Valley of Tears

  • Share
  • Read Later
DAR YASIN / AP

CRY FREEDOM: Separatists protest in Kashmir's capital, Srinagar, on Aug. 23

When I left New York City for New Delhi earlier this year, I thought Kashmir would be a "good news" story. The valley had been relatively quiet for years, and in April and May Kashmir was celebrating record numbers of tourists. By August, however, normalcy had been replaced by strife, death, curfews and checkpoints. The immediate cause of the conflict this time was a dispute between Muslims and Hindus over 100 acres (40 hectares) of land near the Amarnath shrine in the Kashmir valley, which Indian authorities had granted to a Hindu pilgrim group. A compromise now gives the group exclusive use, but not permanent title, to the land — which they will use to build temporary shelters during their annual trek — and the protests have subsided. But the prospect of losing any territory has brought back to the surface the decades of unresolved anger Kashmiris have bottled up against the Indian government.

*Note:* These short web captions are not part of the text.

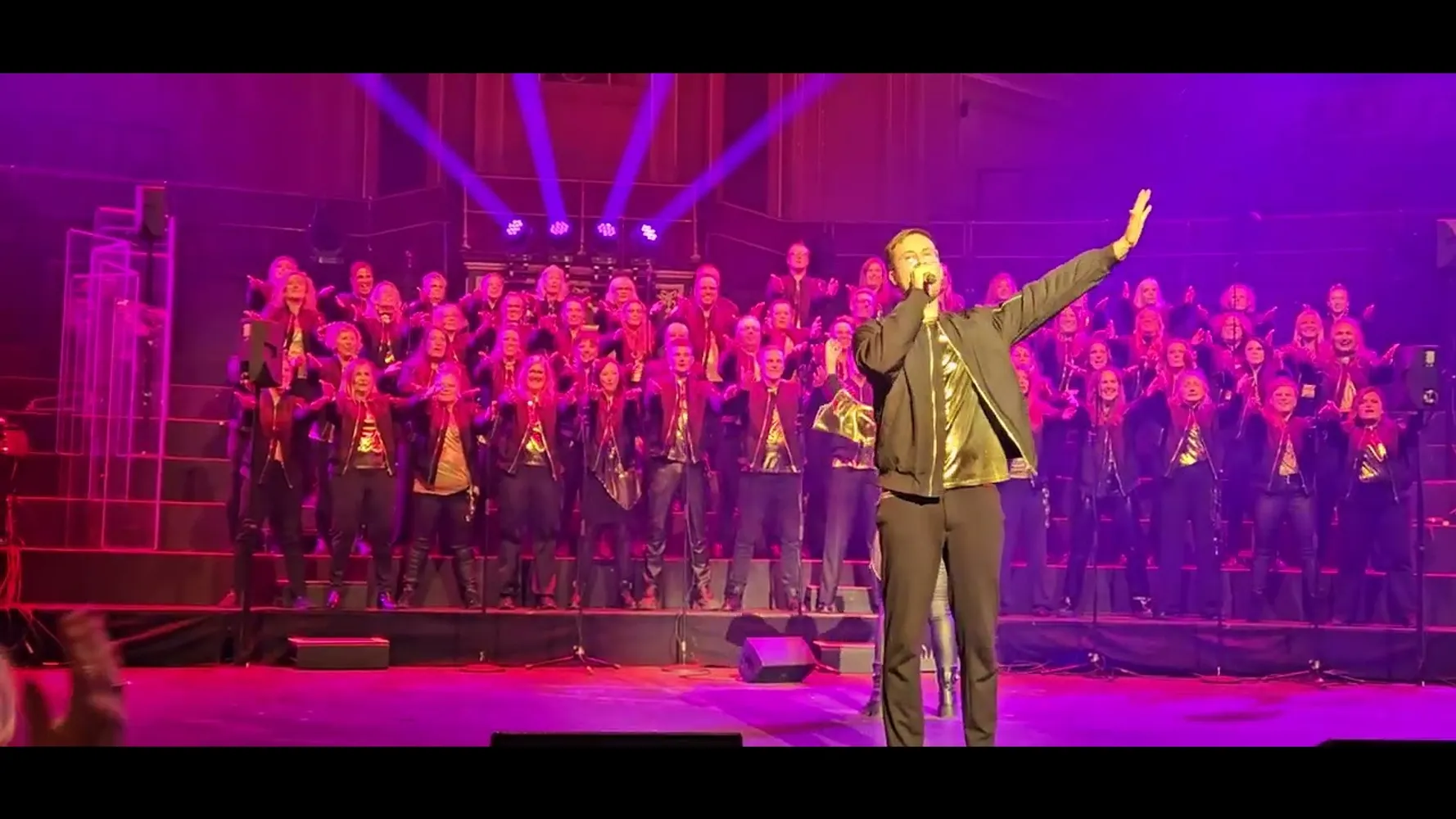 Emil Kampp leder Love Revolution Gospel Choir på scenen i Royal Albert Hall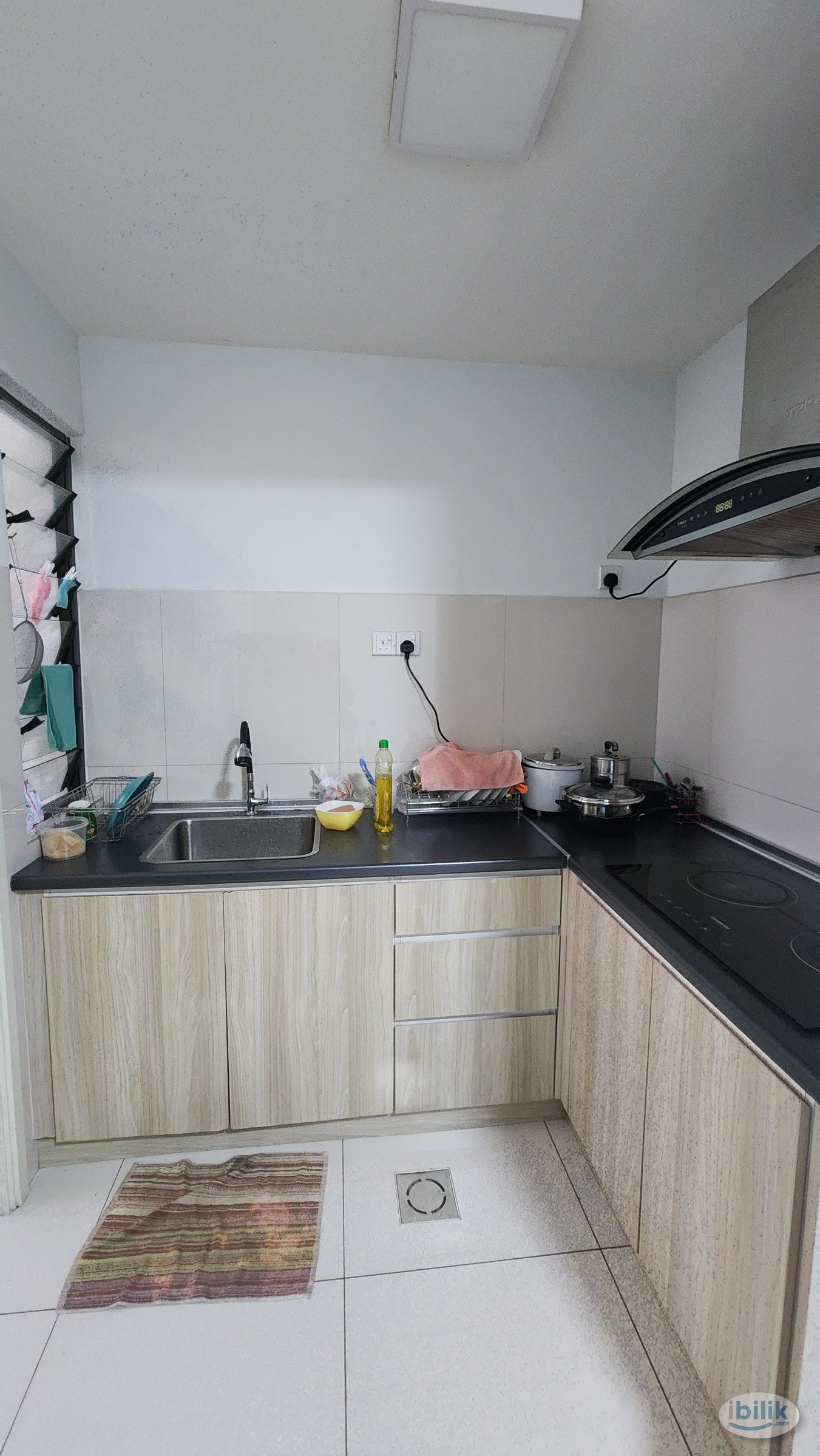 Female room near hospital putrajaya 10min drive MRT2 Giant infront - Image 3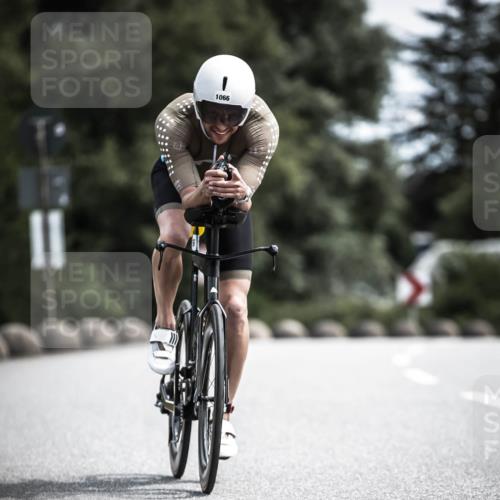 21.06.2026 - 29. Vierlanden-Triathlon H.Heesch http://msf.ph/oto/9923334 21.06.2026 13:04:21 Radfahren 1066 meine-sportfotos.de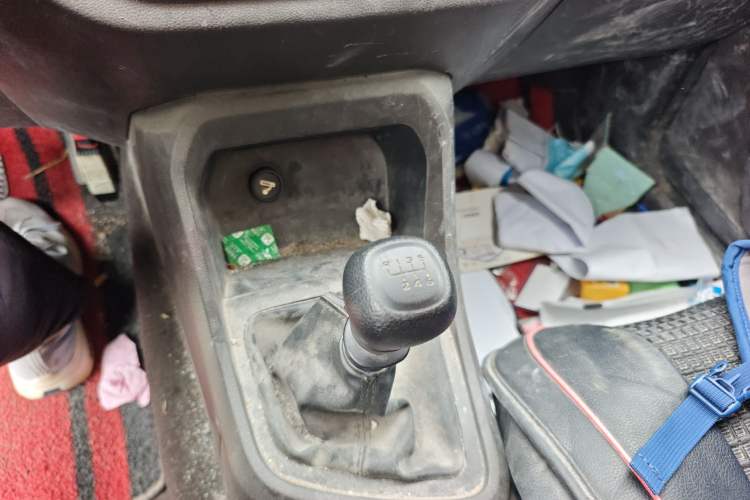 Used Wuling Hongguang V 2022 1.5L Enjoy Edition Hydraulic Power Steering LAR Gear Lever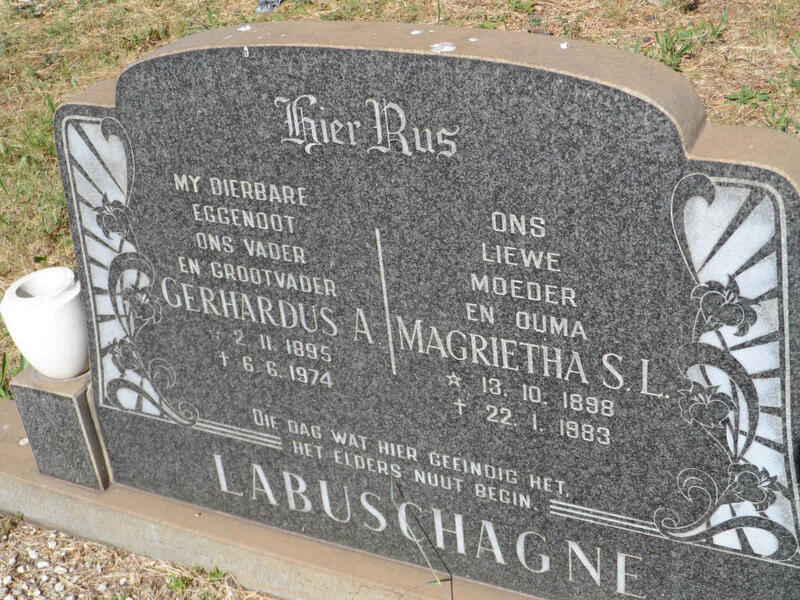 LABUSCHAGNE Gerhardus A. 1895-1974 & Magrietha S.L. 1898-1983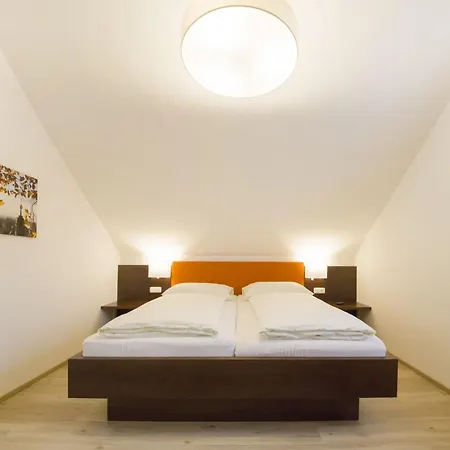 By Gruene Zur Post - 100 % Bio & Ceconi Apartment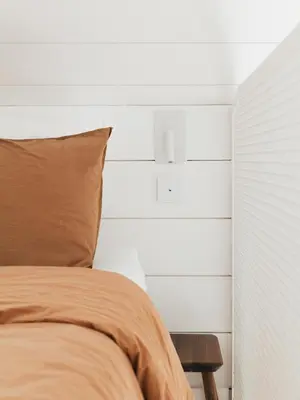 Un ou plusieurs lits dans un hébergement de l'établissement Tikalon - Tiny House en bord de mer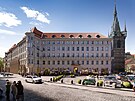 Pes 100 let starý Cukrovarnický palác na Senováném námstí v Praze proel...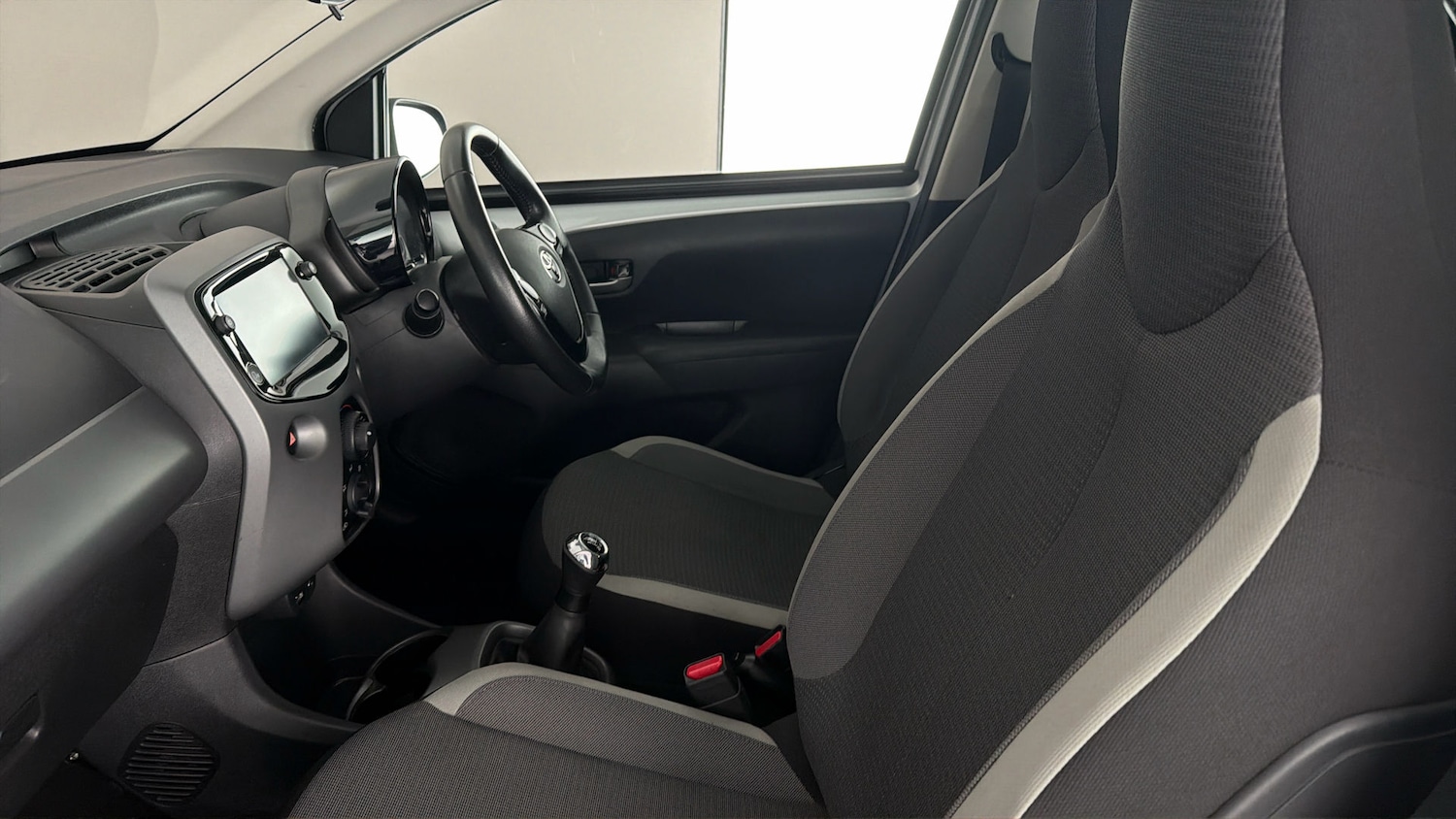 Used Toyota AYGO 2022 for sale - 77776475: Photo 13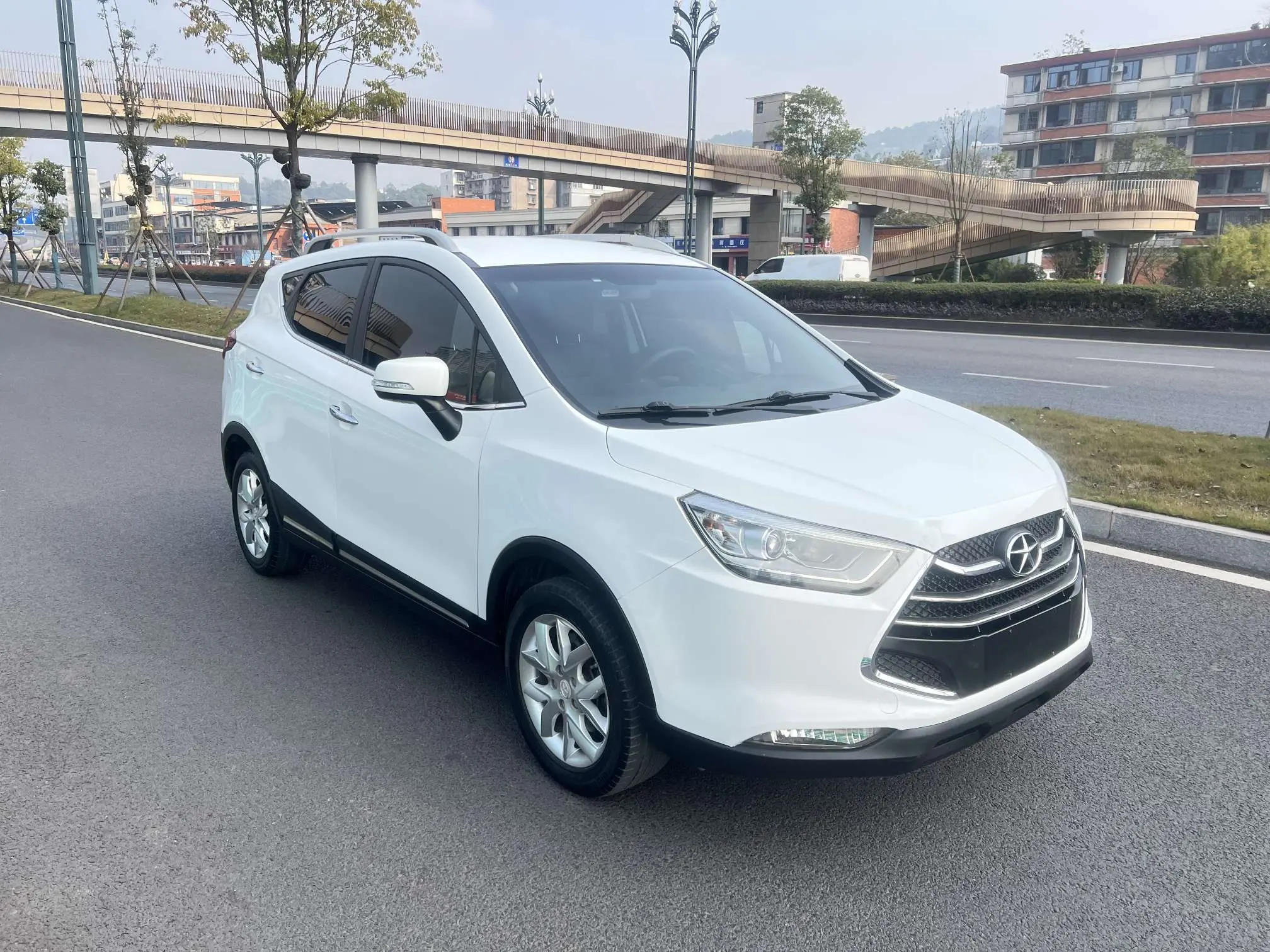 Jiangxi Ruifeng S3  из Китая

India and Pakistan fought over Kashmir after partition, and a Kashmiri separatist movement has been fighting to eject Indian troops from the region since 1989. The separatists' trump card has always been the threat to join Pakistan, which supported them with guns and guerrillas. India eventually silenced the separatists with force, but Amarnath has reignited their movement. The cries of "Azadi" (Freedom) and the Pakistani flags waving above the crowd of 500,000 people at one particularly fierce protest on Aug. 18 made the point that Kashmiris were once again ready to leave India.

This time, many Indians seem willing to let them go. "Why are we still hanging on to Kashmir if the Kashmiris don't want to have anything to do with us?" wrote columnist Vir Sanghvi in the Hindustan Times. "Is it time the K-word got out of India, and India out of the K-word?" asked political satirist Jug Suraiya in the Times of India. Novelist Arundhati Roy argued that "India needs azadi from Kashmir just as much — if not more — than Kashmir needs azadi from India."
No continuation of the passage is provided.